Of the lines listed below, return exactly those that run from the line containing "Vengeances S2 E1" through the line containing "Greater amount cum from me", both included.
*** Opening of SUPPLIED RECORDS ***
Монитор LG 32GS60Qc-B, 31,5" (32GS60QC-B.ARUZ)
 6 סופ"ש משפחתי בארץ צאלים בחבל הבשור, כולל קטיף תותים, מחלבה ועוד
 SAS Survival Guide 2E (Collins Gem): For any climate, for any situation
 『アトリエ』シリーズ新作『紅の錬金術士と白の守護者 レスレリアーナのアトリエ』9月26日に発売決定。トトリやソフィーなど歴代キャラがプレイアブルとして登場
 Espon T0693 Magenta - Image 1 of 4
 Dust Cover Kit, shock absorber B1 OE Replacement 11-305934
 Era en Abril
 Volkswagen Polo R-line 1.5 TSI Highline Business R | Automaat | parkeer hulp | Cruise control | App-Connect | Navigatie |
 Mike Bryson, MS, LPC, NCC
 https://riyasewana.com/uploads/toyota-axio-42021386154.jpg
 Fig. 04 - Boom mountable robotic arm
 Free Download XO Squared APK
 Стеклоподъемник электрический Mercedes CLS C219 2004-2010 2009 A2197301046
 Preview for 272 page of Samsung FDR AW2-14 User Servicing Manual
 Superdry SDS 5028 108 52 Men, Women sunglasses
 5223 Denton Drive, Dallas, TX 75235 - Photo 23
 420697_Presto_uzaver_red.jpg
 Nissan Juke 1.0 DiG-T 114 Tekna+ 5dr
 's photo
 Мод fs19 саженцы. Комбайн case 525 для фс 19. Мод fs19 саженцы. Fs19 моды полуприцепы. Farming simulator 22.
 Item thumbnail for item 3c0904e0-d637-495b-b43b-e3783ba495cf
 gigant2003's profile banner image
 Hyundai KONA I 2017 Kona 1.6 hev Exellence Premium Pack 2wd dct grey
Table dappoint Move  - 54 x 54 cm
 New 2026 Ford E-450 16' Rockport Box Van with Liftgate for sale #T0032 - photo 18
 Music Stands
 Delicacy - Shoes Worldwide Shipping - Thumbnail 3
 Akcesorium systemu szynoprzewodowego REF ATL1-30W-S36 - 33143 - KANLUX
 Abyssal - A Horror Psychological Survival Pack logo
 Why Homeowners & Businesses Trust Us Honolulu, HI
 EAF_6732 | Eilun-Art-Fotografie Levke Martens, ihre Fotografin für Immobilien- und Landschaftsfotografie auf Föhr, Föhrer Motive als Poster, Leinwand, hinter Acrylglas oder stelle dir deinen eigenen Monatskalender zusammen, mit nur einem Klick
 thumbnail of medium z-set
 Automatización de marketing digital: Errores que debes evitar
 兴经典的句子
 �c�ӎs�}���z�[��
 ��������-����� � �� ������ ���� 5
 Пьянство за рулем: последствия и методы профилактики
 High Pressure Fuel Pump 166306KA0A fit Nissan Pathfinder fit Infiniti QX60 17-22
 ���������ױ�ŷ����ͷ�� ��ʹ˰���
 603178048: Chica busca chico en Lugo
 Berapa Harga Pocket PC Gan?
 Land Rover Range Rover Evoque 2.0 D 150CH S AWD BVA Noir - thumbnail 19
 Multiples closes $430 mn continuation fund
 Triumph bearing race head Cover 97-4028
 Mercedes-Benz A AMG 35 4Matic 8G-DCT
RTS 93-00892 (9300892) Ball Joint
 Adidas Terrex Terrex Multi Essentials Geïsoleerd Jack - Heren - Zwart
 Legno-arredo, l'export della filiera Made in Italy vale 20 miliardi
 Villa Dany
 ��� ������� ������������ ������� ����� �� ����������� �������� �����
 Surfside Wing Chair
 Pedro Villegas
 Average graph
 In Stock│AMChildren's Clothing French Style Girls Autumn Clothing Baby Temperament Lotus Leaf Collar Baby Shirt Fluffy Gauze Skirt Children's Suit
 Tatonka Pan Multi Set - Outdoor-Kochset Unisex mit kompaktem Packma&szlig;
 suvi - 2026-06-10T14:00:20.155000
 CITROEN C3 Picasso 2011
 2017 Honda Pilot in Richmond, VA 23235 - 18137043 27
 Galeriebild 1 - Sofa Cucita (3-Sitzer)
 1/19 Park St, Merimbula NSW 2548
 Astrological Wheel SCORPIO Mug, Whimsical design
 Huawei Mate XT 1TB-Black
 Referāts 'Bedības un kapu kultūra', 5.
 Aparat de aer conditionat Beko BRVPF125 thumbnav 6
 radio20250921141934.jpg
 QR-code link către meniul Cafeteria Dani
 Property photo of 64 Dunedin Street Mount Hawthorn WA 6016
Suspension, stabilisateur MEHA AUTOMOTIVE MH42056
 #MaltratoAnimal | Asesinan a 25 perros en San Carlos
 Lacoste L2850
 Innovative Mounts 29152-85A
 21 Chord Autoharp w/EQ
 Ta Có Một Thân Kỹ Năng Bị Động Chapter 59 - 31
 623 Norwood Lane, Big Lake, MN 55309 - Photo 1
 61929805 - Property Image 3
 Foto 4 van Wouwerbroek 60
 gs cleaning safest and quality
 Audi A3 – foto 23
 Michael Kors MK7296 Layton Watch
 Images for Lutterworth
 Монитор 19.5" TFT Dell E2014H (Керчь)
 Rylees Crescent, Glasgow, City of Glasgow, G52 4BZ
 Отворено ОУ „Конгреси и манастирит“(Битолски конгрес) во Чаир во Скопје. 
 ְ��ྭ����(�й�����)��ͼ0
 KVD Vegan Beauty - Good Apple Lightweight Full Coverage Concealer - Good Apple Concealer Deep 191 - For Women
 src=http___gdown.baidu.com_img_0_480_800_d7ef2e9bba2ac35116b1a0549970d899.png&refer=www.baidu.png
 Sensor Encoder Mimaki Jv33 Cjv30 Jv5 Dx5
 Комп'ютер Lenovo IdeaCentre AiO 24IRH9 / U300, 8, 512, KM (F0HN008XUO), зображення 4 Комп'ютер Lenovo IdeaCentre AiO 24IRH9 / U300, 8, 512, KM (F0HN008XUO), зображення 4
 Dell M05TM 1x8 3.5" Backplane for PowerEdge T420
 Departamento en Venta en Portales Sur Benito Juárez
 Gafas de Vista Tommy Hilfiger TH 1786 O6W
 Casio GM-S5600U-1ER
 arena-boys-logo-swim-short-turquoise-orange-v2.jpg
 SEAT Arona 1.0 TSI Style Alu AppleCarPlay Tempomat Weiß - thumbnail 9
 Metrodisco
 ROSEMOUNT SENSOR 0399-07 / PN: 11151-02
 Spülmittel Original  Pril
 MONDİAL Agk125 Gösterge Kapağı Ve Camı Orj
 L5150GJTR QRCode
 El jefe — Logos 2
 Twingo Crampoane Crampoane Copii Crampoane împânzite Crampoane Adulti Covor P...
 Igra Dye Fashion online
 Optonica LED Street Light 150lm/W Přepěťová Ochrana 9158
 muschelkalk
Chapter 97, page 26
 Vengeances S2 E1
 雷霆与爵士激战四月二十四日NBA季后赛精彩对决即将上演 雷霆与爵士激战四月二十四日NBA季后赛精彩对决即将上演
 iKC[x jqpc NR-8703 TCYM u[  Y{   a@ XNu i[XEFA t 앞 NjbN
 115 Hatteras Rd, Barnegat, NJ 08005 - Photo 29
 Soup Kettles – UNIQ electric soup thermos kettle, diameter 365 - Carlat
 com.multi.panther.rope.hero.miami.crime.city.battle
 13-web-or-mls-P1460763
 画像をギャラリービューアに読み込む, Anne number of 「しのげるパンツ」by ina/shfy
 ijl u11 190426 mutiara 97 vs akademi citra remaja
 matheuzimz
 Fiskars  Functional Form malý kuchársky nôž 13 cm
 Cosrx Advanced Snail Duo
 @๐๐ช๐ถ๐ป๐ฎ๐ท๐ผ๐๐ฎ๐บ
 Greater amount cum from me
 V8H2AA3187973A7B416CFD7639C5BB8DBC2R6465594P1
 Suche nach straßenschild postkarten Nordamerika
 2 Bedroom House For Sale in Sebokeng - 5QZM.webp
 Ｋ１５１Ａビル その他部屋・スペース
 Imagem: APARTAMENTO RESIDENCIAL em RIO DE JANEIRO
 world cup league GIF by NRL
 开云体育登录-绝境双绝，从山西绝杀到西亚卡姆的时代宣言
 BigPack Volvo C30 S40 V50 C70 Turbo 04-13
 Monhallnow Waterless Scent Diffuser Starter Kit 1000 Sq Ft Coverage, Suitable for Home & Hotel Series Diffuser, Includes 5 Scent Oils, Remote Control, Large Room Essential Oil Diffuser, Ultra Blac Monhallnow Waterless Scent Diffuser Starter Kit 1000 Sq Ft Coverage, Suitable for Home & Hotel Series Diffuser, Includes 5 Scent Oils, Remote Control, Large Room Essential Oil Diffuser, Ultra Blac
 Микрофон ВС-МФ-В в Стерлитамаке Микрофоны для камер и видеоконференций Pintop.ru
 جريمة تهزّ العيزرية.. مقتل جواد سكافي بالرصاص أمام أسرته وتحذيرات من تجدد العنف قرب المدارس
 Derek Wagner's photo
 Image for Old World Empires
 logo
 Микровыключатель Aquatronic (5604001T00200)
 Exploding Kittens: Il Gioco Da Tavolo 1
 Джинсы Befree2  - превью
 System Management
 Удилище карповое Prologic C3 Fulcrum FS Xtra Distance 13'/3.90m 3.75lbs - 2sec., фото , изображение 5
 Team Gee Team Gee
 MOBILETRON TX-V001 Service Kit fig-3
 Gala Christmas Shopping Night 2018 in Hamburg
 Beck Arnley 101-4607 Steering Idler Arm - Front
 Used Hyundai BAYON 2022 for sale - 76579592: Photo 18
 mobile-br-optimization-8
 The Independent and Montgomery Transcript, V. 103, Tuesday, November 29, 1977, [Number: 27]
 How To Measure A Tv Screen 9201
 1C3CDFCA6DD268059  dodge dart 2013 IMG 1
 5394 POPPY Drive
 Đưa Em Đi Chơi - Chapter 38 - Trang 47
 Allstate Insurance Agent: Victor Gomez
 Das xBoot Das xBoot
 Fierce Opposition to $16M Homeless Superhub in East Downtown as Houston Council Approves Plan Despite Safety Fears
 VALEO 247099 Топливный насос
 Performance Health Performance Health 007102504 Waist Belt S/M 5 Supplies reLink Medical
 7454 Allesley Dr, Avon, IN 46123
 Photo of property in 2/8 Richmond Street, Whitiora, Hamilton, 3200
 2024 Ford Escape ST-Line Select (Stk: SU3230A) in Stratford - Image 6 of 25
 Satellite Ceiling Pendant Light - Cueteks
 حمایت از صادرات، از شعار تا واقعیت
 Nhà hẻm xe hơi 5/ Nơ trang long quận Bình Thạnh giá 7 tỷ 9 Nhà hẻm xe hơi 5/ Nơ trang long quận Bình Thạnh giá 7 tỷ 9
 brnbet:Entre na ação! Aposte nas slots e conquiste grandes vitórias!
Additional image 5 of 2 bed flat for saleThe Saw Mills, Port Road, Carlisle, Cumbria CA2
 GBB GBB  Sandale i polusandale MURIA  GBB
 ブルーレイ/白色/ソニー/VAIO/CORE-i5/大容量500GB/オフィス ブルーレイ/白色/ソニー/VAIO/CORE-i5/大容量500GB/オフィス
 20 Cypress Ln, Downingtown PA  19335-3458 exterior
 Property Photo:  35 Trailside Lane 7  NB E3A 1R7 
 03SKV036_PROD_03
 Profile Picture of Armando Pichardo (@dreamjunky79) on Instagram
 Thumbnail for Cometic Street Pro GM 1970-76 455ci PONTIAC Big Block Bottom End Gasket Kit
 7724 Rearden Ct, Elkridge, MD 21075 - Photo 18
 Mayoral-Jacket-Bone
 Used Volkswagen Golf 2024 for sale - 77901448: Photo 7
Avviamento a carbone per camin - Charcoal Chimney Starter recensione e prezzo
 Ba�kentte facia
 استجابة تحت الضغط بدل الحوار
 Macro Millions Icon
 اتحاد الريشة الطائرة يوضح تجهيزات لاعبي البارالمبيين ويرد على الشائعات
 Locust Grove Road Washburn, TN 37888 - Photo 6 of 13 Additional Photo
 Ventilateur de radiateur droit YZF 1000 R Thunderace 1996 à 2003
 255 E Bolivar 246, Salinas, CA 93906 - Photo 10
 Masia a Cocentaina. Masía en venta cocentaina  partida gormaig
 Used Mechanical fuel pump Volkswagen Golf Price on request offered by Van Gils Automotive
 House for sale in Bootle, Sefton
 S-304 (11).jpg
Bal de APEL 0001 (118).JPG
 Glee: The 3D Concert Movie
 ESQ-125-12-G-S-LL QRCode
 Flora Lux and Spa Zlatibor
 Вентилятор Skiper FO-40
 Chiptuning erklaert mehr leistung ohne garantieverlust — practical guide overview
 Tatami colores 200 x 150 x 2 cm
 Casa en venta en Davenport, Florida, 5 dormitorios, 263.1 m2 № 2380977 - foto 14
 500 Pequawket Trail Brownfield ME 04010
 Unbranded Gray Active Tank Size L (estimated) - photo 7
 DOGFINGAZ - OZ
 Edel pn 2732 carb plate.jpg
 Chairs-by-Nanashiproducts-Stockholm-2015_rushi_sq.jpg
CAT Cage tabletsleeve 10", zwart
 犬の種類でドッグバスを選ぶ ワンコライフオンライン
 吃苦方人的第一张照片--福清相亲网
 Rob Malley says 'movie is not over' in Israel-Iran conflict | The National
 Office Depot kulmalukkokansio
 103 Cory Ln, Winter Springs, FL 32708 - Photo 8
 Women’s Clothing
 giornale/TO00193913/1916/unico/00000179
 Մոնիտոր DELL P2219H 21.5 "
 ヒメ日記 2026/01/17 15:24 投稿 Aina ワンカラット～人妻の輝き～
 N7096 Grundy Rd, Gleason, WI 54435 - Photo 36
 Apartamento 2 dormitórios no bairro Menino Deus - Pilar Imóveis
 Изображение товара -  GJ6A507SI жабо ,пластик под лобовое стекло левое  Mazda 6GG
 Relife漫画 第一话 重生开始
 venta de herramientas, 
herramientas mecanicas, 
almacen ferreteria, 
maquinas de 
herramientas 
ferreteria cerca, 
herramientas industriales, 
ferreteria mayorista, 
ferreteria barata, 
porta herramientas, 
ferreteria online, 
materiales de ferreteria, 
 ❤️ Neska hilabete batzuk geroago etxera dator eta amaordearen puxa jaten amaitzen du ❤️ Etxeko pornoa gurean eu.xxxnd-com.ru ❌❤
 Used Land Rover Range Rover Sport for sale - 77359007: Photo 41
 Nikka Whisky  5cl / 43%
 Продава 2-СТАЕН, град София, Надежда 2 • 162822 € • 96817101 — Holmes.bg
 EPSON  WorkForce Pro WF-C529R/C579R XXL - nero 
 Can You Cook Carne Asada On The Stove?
*** Close of SUPPLIED RECORDS ***
RESULT BELOW:
 Vengeances S2 E1
 雷霆与爵士激战四月二十四日NBA季后赛精彩对决即将上演 雷霆与爵士激战四月二十四日NBA季后赛精彩对决即将上演
 iKC[x jqpc NR-8703 TCYM u[  Y{   a@ XNu i[XEFA t 앞 NjbN
 115 Hatteras Rd, Barnegat, NJ 08005 - Photo 29
 Soup Kettles – UNIQ electric soup thermos kettle, diameter 365 - Carlat
 com.multi.panther.rope.hero.miami.crime.city.battle
 13-web-or-mls-P1460763
 画像をギャラリービューアに読み込む, Anne number of 「しのげるパンツ」by ina/shfy
 ijl u11 190426 mutiara 97 vs akademi citra remaja
 matheuzimz
 Fiskars  Functional Form malý kuchársky nôž 13 cm
 Cosrx Advanced Snail Duo
 @๐๐ช๐ถ๐ป๐ฎ๐ท๐ผ๐๐ฎ๐บ
 Greater amount cum from me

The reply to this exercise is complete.